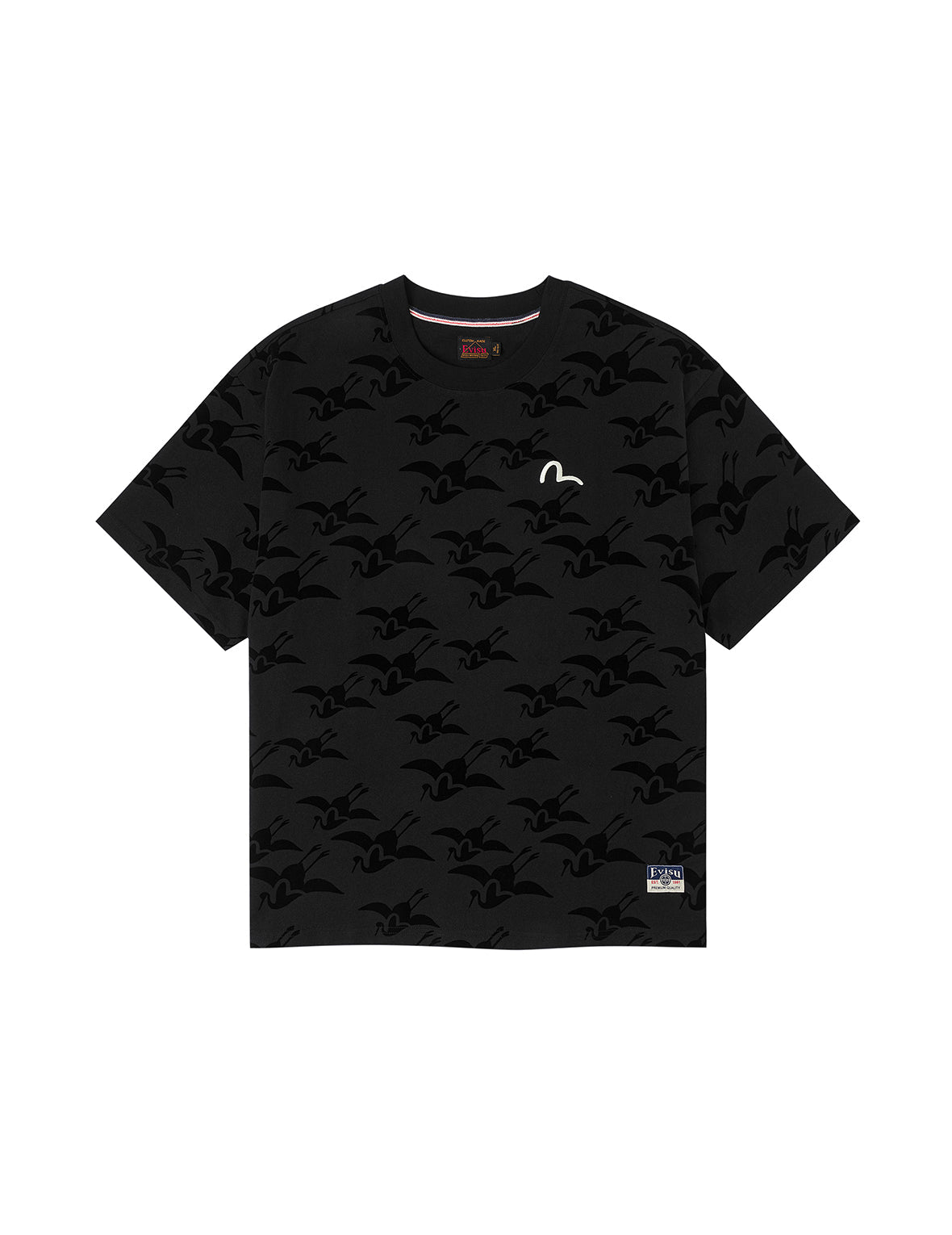 Allover Seagull Crane Flocking Print Relax Fit T-shirt
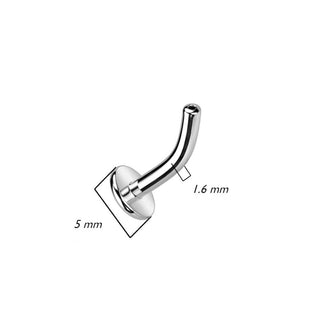 Titanium Base belly button bar convex base Push-In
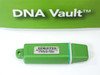Genisyss Personal 4/16 DNA Vault – label on device showing model PERS4/16 and serial number, against DNA Vault branded background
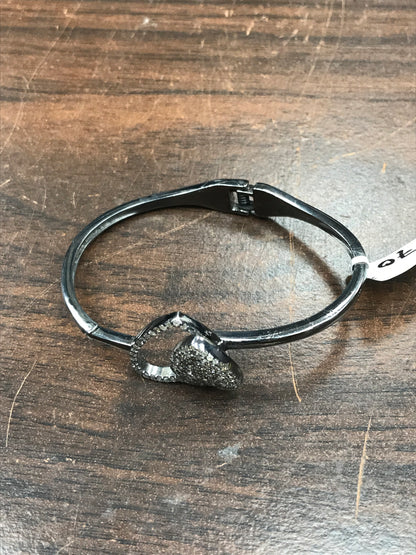 Heart Diamond Silver Bracelet .925 Oxidized Sterling Silver Diamond Bracelet, Genuine handmade pave diamond Bracelet.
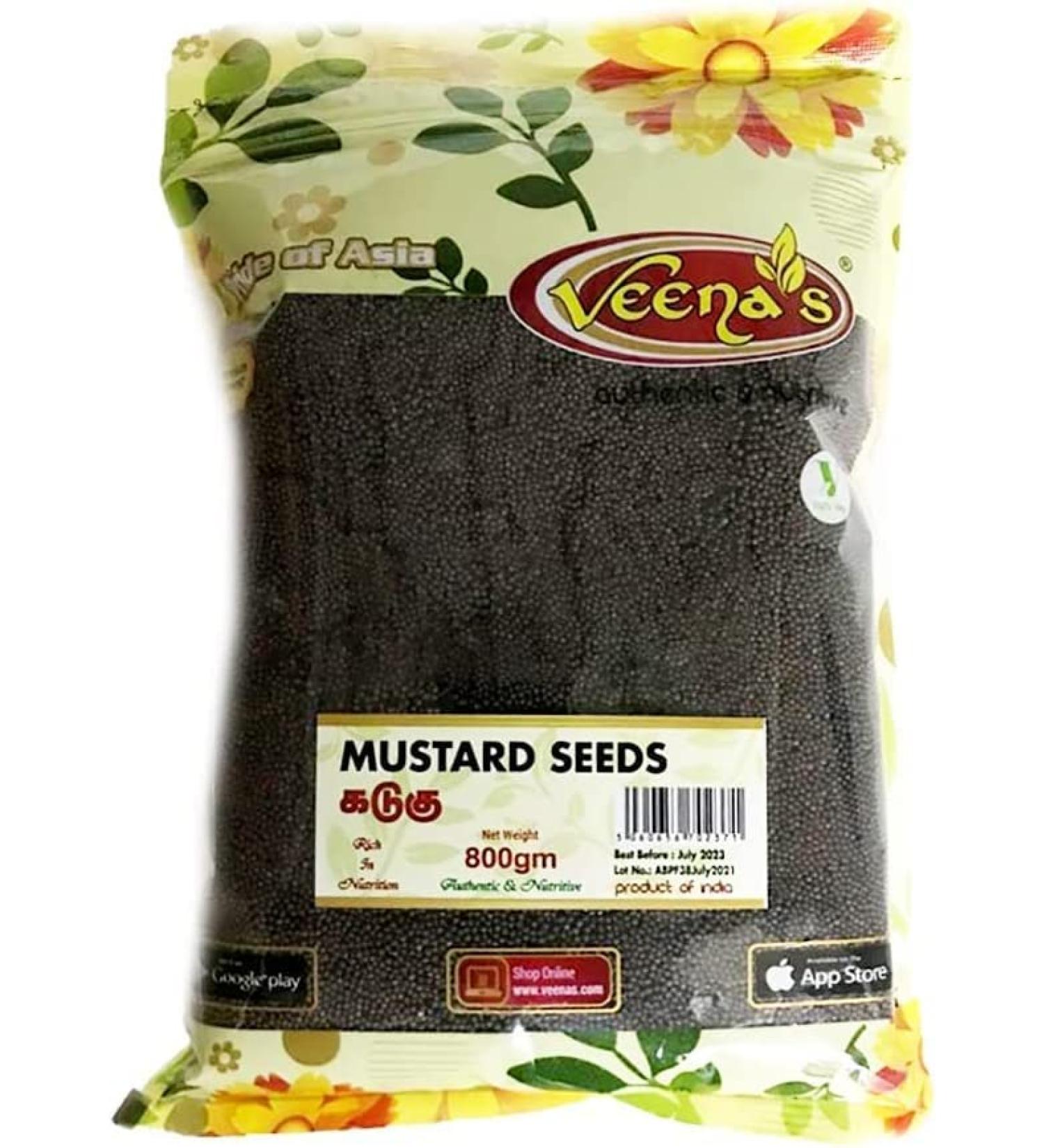 Veenas Mustard Seeds | 800G | Natural | Whole Mustard | Black mustard seeds for cooking | Mustard seed | Indian Origin - Buy Online on GoSupps.com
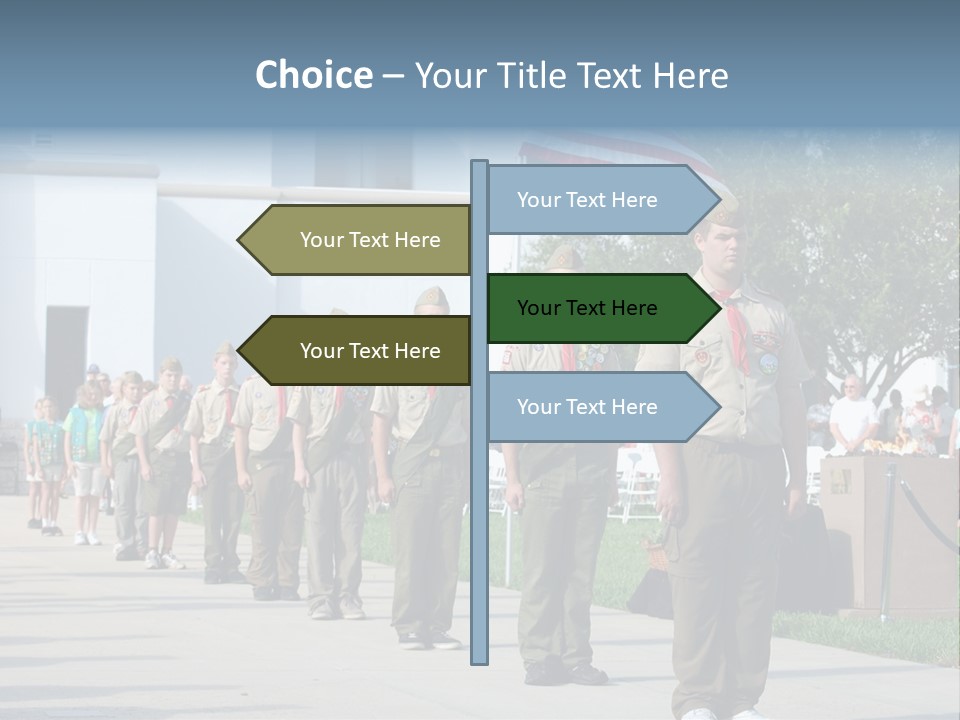 A Group Of Military Men Walking Down A Street PowerPoint Template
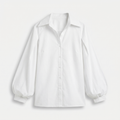 Women's Cotton Button Blouse with Balloon Sleeves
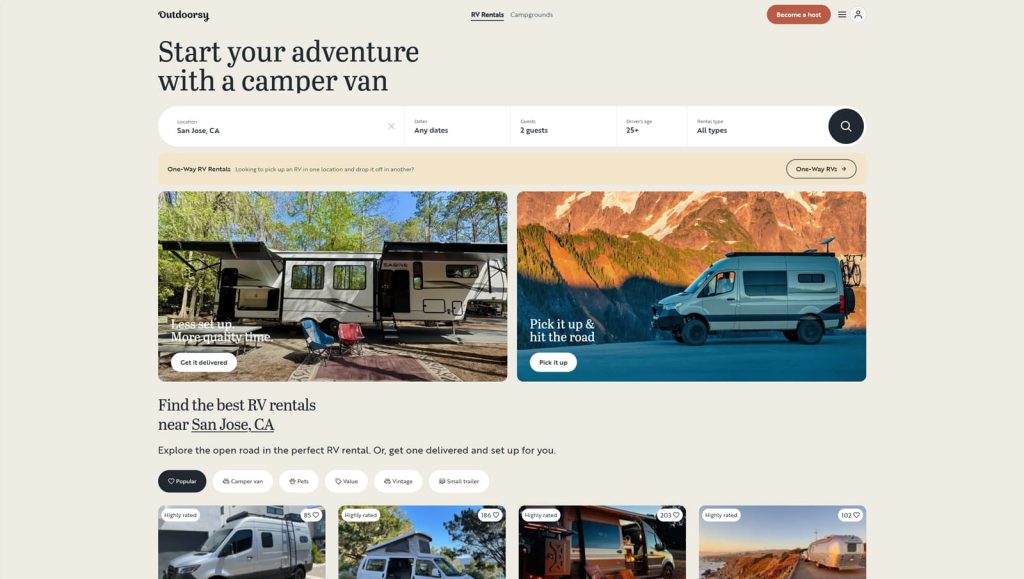 Graphic of Outdoorsy, a platform where to list rental property with RV multipoint protection.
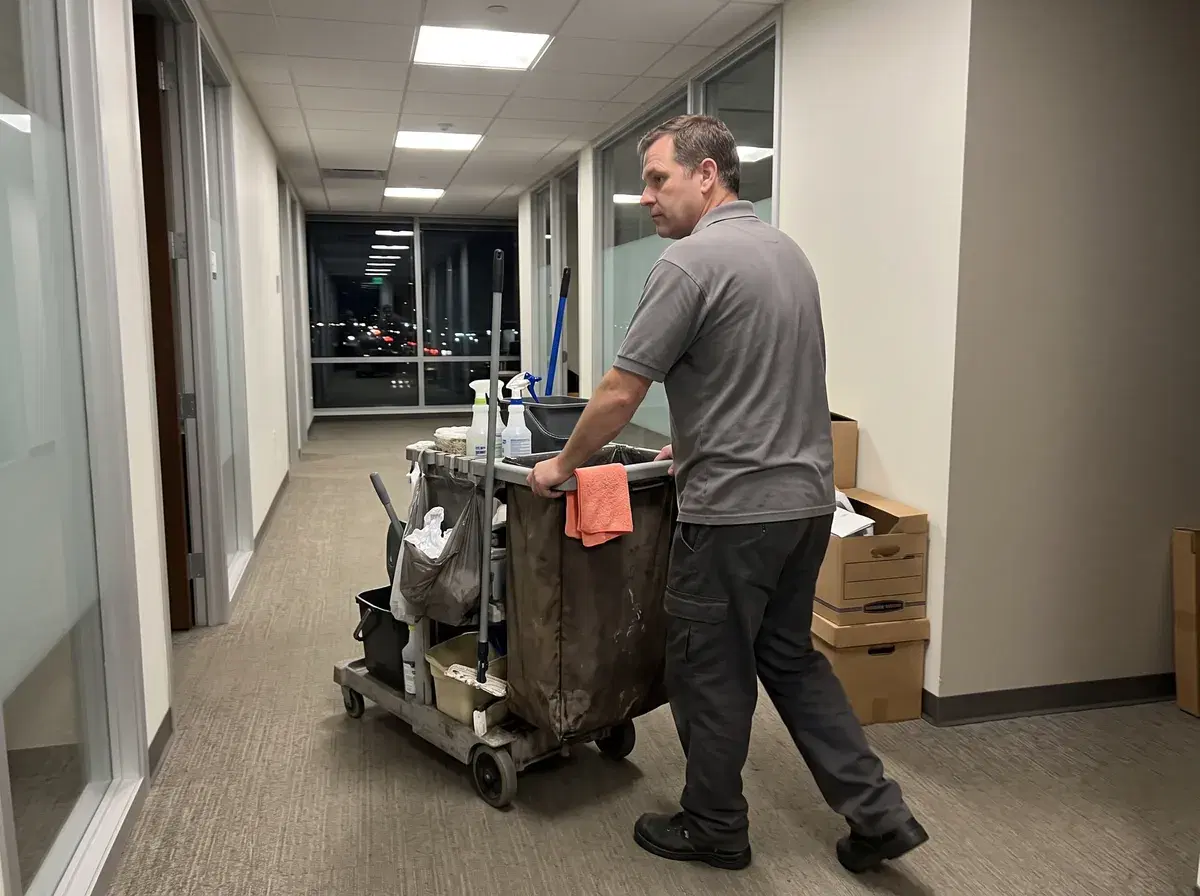 A night cleaner with his cart in an empty office corridor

PROBLEM TO SOLVE >>
Reproduce each line of the records exactly and exclude any images.

ANSWER TO THIS PROBLEM >>
 Allover Seagull Crane Flocking Print Relax Fit T-shirt
 Titanium Base belly button bar convex base Push-In
Genisyss Personal 4/16 DNA Vault – label on device showing model PERS4/16 and serial number, against DNA Vault branded background
 Heart Diamond Silver Bracelet .925 Oxidized Sterling Silver Diamond Bracelet, Genuine handmade pave diamond Bracelet.
 Veenas Mustard Seeds | 800G | Natural | Whole Mustard | Black mustard seeds for cooking | Mustard seed | Indian Origin - Buy Online on GoSupps.com
 A Group Of Military Men Walking Down A Street PowerPoint Template
 Women's Cotton Button Blouse with Balloon Sleeves
 Graphic of Outdoorsy, a platform where to list rental property with RV multipoint protection.
 A night cleaner with his cart in an empty office corridor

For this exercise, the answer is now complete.